Ontario MPP
- In office 1990–1995
- Preceded by: John Sweeney
- Succeeded by: Gary Leadston
- Constituency: Kitchener—Wilmot

Personal details
- Born: July 31, 1951 (age 74) London, Ontario
- Party: New Democrat
- Spouse: Heather
- Children: 2
- Occupation: Rubber plant worker

= Mike Cooper (politician) =

Canadian politician

Mike Cooper (born July 31, 1951) is a former Canadian politician in Ontario. He served as a New Democratic Party member of the Legislative Assembly of Ontario from 1990 to 1995. He represented the riding of Kitchener—Wilmot.

==Background==
Cooper was educated at vocational school and was a rubber worker at Uniroyal Goodrich for 17 years. He served as steward of United Rubber Workers Local 667.

==Politics==
Cooper ran for the Ontario legislature in the provincial election of 1985, but finished third against Liberal incumbent John Sweeney in the riding of Kitchener—Wilmot. He ran again in the 1987 provincial election, this time finishing second against Sweeney.

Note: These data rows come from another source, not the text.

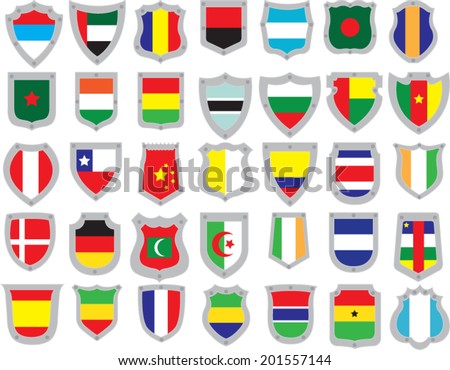 World flag set on coat of arms, shield, Europe, Africa, America, Asia, Oceania, Serbia, Emirates, Andorra, Angola, Argentina, China, Bangladesh, Colombia, Denmark, Chile, Benin, Bolivia, Ghana,Spain
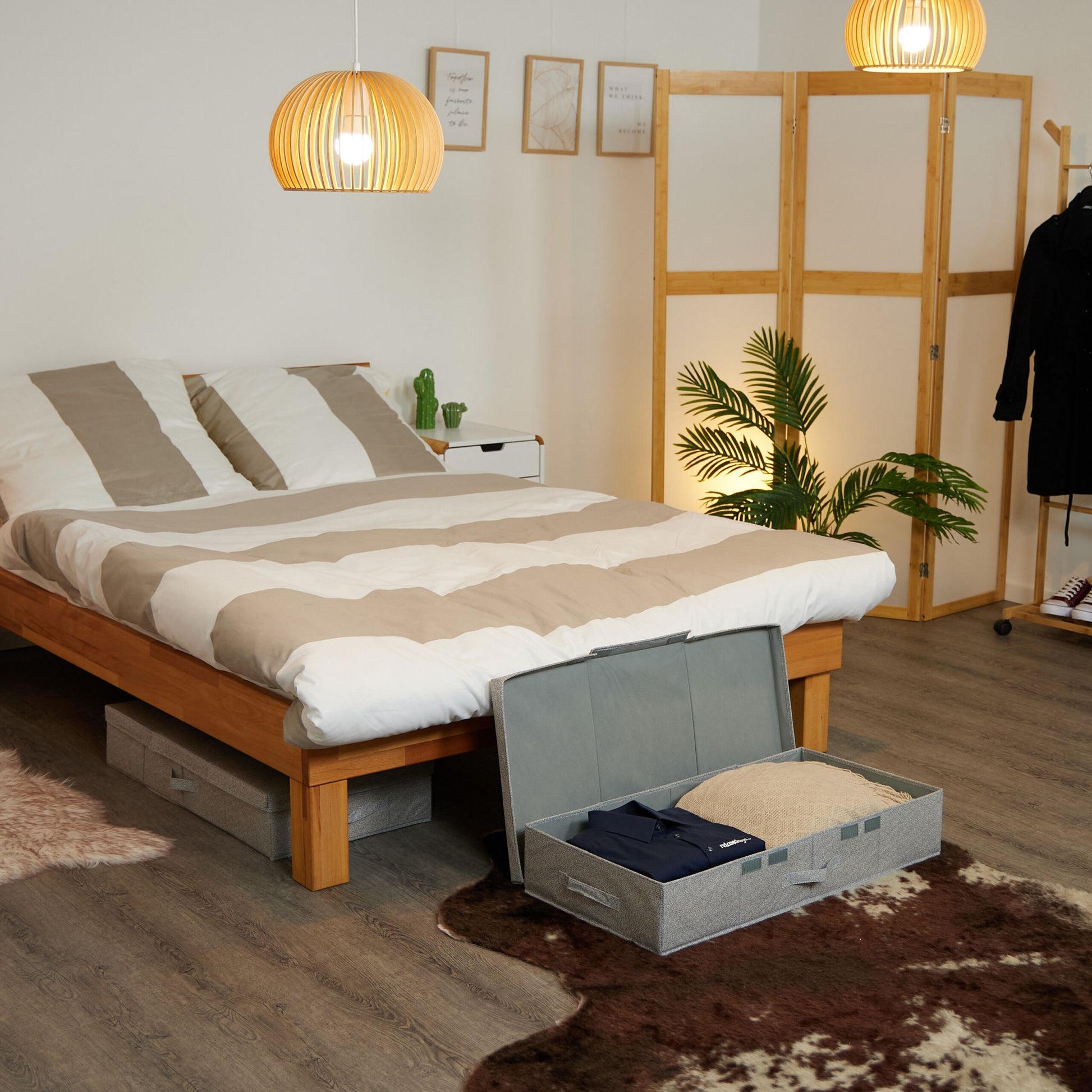 Unterbettkommode mit Deckel 2er-Set Grau von Relaxdays
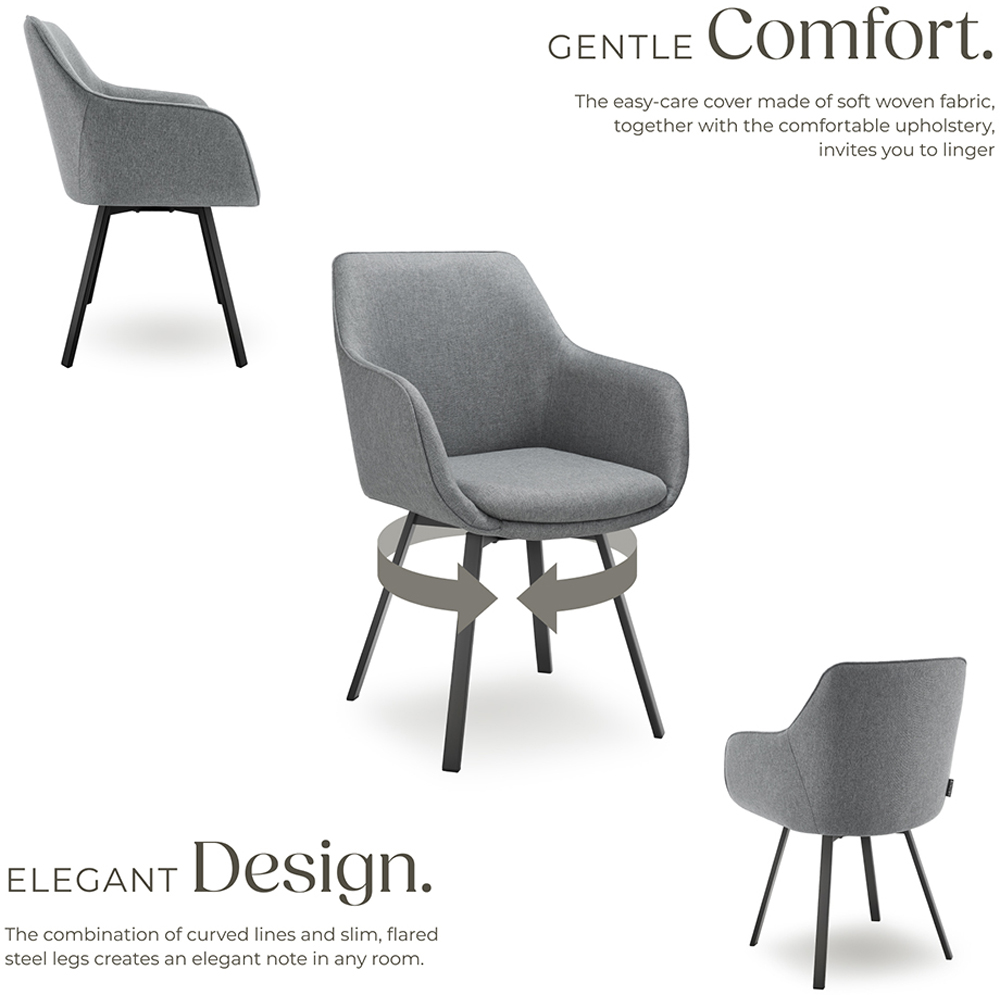tectake Alicon Set of 2 Anthracite Dining Chair Image 3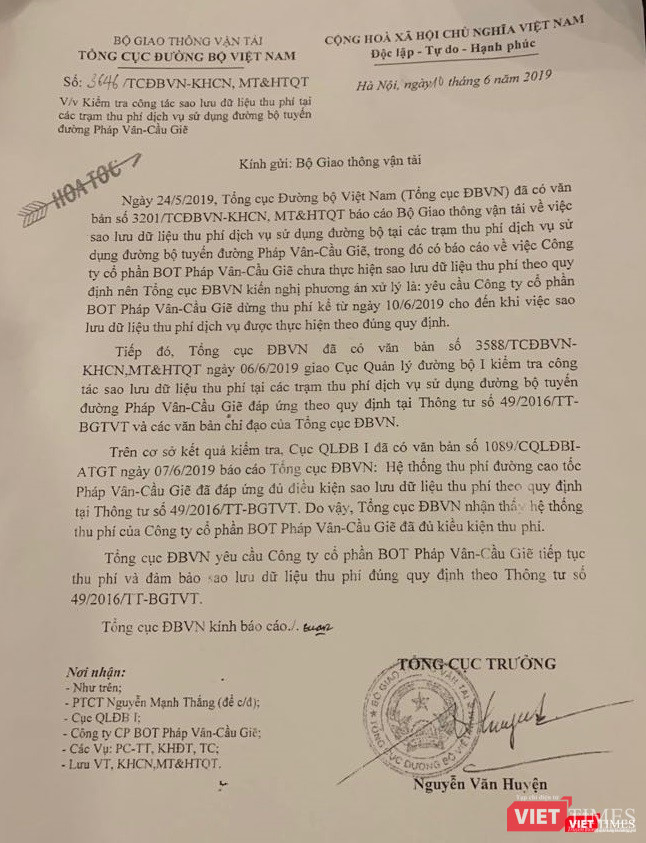 Công văn hỏa tốc mà Tổng cục Đường bộ gửi cho Bộ Giao thông Vận tải vào hôm nay 10/6/2019.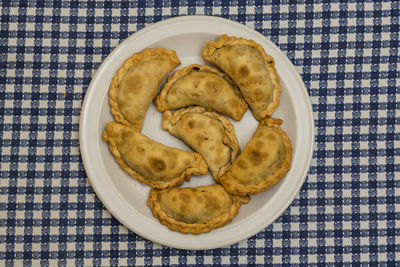 High angle view of food in plate on table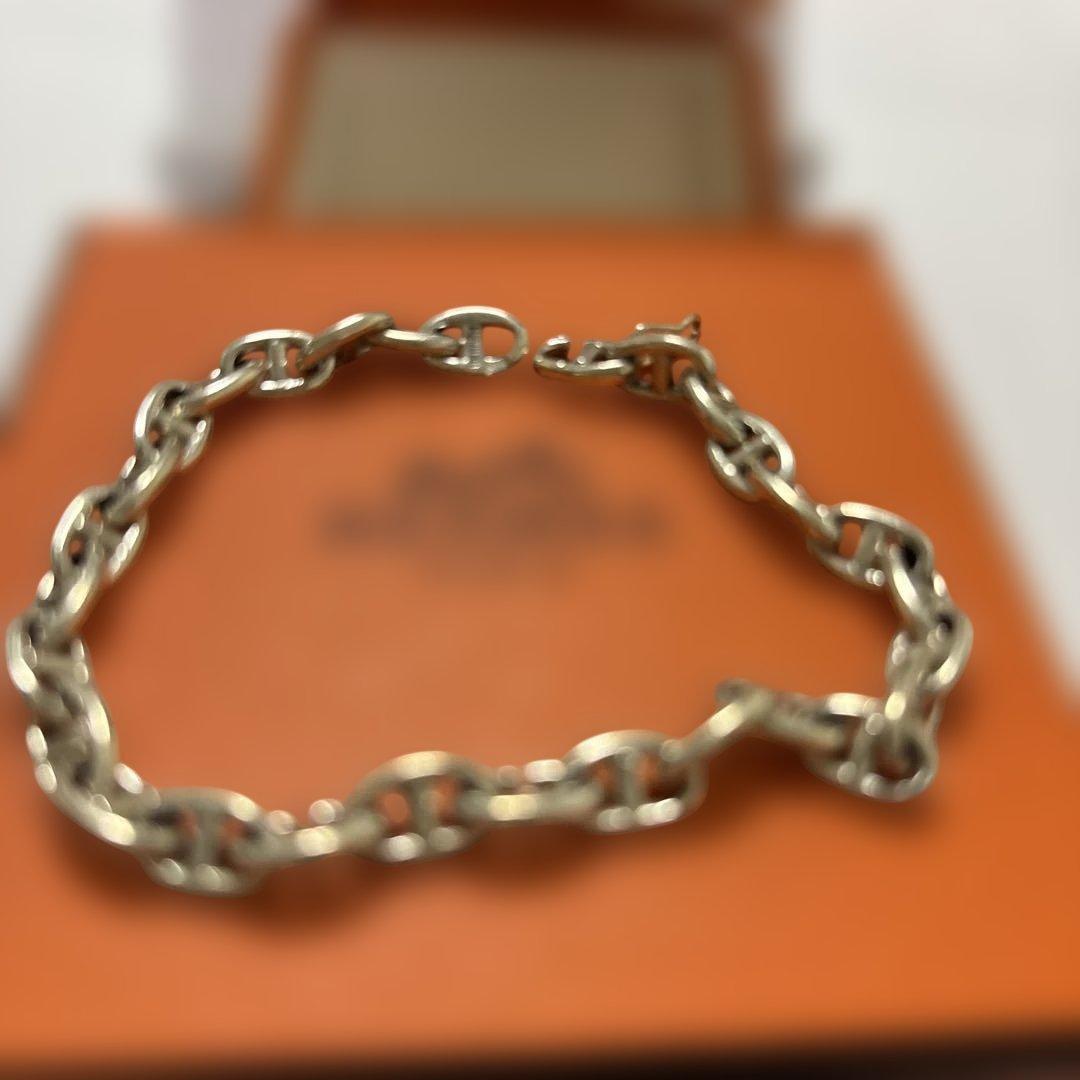 HERMES シルバーチェーンブレスレット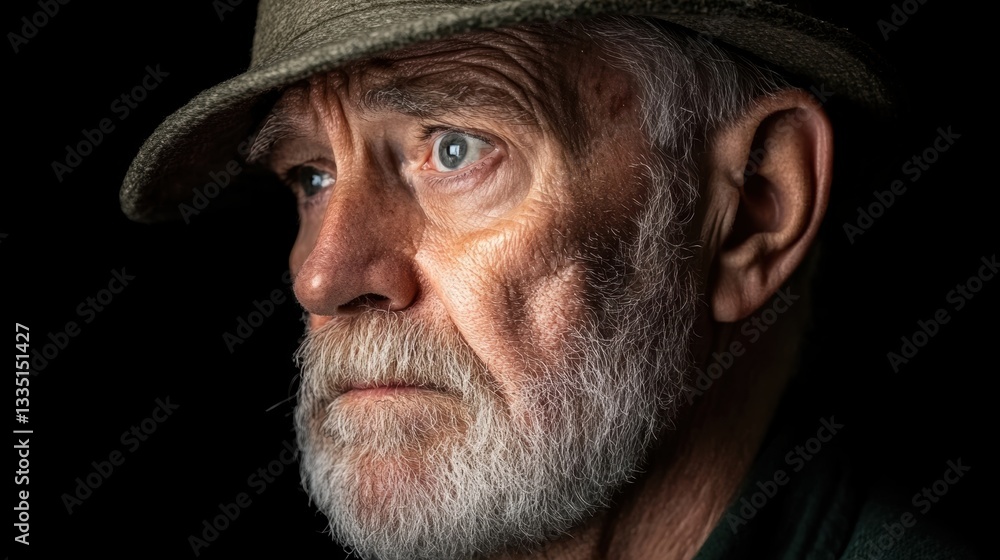 A close-up portrait of an elderly man with a thoughtful expression, wearing a hat, The dramatic lighting highlights his features, making it suitable for storytelling, emotion, or wisdom themes, A close-up portrait of an elderly man with a thoughtful expression, wearing a hat, The dramatic lighting highlights his features, making it suitable for storytelling, emotion, or wisdom themes,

The NDP won a majority government in the provincial election of 1990 and Cooper defeated Liberal newcomer Carl Zehr by over 5,000 votes. In November 1990, he was appointed as Deputy Government Whip where he remained for another four years. In November 1992, he was appointed as parliamentary assistant to the Solicitor General. In February 1993, he was reassigned as parliamentary assistant to the Minister of Labour.

In 1994, Cooper was one of twelve NDP members to vote against Bill 167, a bill extending financial benefits to same-sex partners. Premier Bob Rae allowed a free vote on the bill which allowed members of his party to vote with their conscience.

The NDP was defeated in the 1995 provincial election and Cooper again finished third in the Kitchener—Wilmot riding, placing over 9,000 votes behind Progressive Conservative Gary Leadston. He returned to his job making tires after his defeat.

Cooper ran for the federal New Democratic Party in the Canadian general election of 1997 in Waterloo—Wellington, but finished a distant fourth against Liberal Lynn Myers.